START AVAILABLE RECORDS
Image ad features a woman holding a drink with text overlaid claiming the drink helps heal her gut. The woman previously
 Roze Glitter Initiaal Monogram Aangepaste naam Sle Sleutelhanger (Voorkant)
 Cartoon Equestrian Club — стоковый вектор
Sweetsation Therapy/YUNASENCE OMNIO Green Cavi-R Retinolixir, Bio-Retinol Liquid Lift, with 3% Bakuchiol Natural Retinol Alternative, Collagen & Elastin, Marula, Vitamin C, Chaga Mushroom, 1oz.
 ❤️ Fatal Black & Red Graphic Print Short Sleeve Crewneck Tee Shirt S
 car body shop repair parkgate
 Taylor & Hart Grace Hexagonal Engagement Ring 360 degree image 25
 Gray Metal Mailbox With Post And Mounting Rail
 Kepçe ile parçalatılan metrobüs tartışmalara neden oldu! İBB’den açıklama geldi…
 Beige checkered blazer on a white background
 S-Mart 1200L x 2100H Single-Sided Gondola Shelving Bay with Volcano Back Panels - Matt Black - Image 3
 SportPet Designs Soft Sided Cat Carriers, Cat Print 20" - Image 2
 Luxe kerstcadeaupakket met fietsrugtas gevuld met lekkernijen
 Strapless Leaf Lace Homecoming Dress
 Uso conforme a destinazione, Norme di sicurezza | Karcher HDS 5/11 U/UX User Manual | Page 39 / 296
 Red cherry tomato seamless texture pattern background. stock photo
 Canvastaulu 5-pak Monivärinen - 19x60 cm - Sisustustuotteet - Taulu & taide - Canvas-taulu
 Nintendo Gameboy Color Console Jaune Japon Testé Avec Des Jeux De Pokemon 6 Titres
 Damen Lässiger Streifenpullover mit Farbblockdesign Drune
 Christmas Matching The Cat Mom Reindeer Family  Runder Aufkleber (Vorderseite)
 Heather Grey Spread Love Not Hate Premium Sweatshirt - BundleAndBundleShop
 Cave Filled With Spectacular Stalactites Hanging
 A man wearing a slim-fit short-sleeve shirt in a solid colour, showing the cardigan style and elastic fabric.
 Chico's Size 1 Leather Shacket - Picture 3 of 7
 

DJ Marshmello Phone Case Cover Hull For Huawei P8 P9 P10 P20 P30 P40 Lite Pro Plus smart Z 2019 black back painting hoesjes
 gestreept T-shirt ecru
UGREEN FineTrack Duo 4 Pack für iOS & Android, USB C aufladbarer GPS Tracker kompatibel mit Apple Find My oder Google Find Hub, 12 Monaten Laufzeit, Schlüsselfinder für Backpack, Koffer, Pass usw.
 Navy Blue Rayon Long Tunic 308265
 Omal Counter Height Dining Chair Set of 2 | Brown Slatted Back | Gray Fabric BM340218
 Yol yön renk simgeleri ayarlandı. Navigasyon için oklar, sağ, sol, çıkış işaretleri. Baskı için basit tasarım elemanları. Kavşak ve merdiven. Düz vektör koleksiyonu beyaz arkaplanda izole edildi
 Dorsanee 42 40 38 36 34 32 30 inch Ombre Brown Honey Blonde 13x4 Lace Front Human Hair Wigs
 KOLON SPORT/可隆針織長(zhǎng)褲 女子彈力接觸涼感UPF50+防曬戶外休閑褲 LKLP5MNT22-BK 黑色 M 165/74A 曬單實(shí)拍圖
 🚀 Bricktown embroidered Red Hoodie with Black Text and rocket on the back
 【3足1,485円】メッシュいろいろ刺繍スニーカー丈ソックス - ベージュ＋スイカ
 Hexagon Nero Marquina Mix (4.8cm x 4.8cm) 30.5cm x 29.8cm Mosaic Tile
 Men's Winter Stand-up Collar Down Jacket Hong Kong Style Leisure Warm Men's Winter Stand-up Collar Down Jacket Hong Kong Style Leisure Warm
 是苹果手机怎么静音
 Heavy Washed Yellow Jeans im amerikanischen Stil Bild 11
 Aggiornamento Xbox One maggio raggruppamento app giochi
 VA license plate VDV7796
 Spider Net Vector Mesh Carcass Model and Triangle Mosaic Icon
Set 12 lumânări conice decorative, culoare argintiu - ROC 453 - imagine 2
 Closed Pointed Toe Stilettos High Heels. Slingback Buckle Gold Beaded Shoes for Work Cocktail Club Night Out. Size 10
END AVAILABLE RECORDS
Report how many lines of the preceding records include "Club". Output the number only.

2